Along with some Tylenol for my headache, and Ibuprofen for my sore muscles, and some wine for my nerves, and I should really start running again and I should probably stretch first, next time they ask me to play.

I ‘m beginning to think that the amount of time I spend blogging is directly proportional to the amount of mold in my house.

Mom is coming over to watch the boys as a last-minute favor to me (What would I do without her?).  I’ve only got 45 minutes until she arrives.  How do I get the house in good-enough shape for the woman who stores bottles of bleach in every one of her rooms, vacuums daily, and whose house smells like an over-sized Country Apple candle?

Quickly.

And just the big stuff.

I’ll start with the laundry, because that is where the odor is coming from.  I’ve noticed it for the last day or so, thought it was the garbage, but realized that even after I emptied the garbage, the house still smelled like a soiled diaper that someone forgot at the bottom of the Diaper Jeanie.  I guess my scented candle “Summer’s Day” has stopped working.

The over-flowing hamper.  I don’t dare reach my hands down in there, but what choice do I have?  She’s on her way!!  The deeper I get, the stronger the smell.

That’s where my leggings were!?!?  I’ve been looking for them for a week”.

After pulling out the endless stream of inside-out, damp and cruddy clothes, I sort them and realize there is one piece left at the bottom.  But, it’s stuck.  It’s stuck to the bottom of the damn hamper.  Dear God.  I tear it from the bottom and notice that it is the shirt my older son got yogurt all over 4 days ago and that it’s stuck together:

“What the fu………Mold.   Awesome.  There is mold on my dirty laundry.   Could there be anything more indicative of a lazy and neglectful mother than finding MOLD on the dirty clothes!?!?!?”. 

Am I the only mother who has ever let the laundry go so long that I found mold????

Don’t answer that.

Whatever.  Mom doesn’t need to know this.  Here, let’s just throw the white load in the washer first and…….what the fu……why are there clothes in the washer?  And why are they dry!?!?

After sifting through the mysteriously dry and stuck together clothes in the washer, I realize that it is the load I threw in three nights ago just before the 2-hour premier episode of Downton Abbey and forgot about.  And for what???  The premier sucked anyway!!!  I’m sick to death of watching Lord Grantham pace the castle floors about the fate of his estate!!!  And I wish Lady Edith would just grow a pair already.

So now, I have to re-wash the load of colors, and wait to put in the moldy clothes later (what’s another hour anyway.  They’re moldy).

Laundry Room:  In Process.

Next, the dishes.  I stop and take a really good look at the condition of the kitchen.  Sippy cups and water bottles are strewn all over the counters, half-full of a variety of different liquids.  Why the hell are they still using sippy cups for Christs’ Sake???  I’ve got to get on that.

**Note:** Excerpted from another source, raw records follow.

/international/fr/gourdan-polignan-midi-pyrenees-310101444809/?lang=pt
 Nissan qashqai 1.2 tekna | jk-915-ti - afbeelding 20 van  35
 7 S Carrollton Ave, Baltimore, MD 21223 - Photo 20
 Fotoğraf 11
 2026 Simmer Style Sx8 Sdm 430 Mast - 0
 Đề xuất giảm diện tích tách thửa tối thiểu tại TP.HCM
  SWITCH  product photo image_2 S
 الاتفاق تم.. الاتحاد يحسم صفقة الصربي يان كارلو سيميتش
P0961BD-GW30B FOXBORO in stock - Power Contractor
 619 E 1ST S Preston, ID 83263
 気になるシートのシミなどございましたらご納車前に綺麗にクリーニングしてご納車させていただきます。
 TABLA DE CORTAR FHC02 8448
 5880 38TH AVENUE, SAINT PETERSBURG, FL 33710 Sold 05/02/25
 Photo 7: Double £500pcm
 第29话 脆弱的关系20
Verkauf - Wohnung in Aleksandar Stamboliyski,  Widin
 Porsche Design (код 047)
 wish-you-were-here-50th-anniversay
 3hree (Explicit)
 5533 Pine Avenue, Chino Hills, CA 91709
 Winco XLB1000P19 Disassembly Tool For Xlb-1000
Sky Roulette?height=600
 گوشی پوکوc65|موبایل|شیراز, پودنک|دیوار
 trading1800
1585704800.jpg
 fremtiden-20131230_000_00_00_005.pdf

Plastic bowls with half-eaten granola bars and orange rinds litter the kitchen bar, dirty spoons stick to the counter, a loaf of bread is sitting there open, and there are odds and ends just scattered here and there among it all:  a stapler, some rubber bands, used gum, glitter, a screwdriver, and the newspaper which is half-soaked in orange juice.

And that doesn’t even begin to explain the sink.  It’s almost as if someone made a game out of how many dishes they could compactly shove into each side of the kitchen sink.  A veritable game of Tetris made of cutlery, plates and coffee mugs, each garnished with coffee grounds and squishy macaroni.

Just throw them in the dishwasher, I think.  But no, the dishwasher is full.  of clean dishes.  Why is the dishwasher full of clean dishes?  Because no one likes to empty it.  There is just something so insane about perpetually emptying and filling the dishwasher over and over and over.  I’d rather wash dishes by hand than empty the damn dishwasher just to load it back up again day in and day out.

So, I do what everyone does when they’re being lazy:  I take all of the dirty dishes out of the sink, and then put them back in the sink, except in a really organized way, so that it looks like I sort of did the dishes.  Plates on the bottom; then bowls on top of the plates; all of the silverware stashed in one large cup; glasses of varying sizes condensed into a four-story glass tower; etc.  I’ll wash the counters, shove everything else in the Junk Drawer and Voila!  Mom won’t even notice.

Now, it’s time to tackle those toilets.  Contrary to mine, I could literally lick my mother’s toilet bowls.  I really could.  If someone ever Triple Dog Dared me to, it would be no big deal and I’d do it in a second.  That’s how clean they are.

Not mine though.  Mine have varying colors of yellow underneath every toilet seat, behind every toilet seat and usually running down the toilet itself, dried.

When do boys learn to aim???

Am I the only mother who has ever sat down to pee, only to get the backs of her legs wet because no one else in her house can aim?

Don’t answer that.

No matter.  I’ve got only 20 minutes left and I’m still in my pajamas.  I grab some of the wipes on the back of the toilet and get to town scrubbing.  Then, I grab some clothes detergent, dump a little in the toilet and hope that the detergent, plus the toilet scrubber will get the toilet clean enough in case mom has to pee.  On the bright side, I notice that the breeze-way doesn’t smell like urine anymore.

Winning!!

By this time, the laundry that I am washing for the second time is finished and in the dryer, and the moldy and smellier load is in.  I’ll just shove the rest of the dirty clothes into the hamper and spray some Febreeze in there.  She’ll hear the washer and dryer going and think I’m so on top of your game.  I’ve only got to make sure to remember to vacuum up all of the stray raisins that are in the couch cushions and behind the recliner.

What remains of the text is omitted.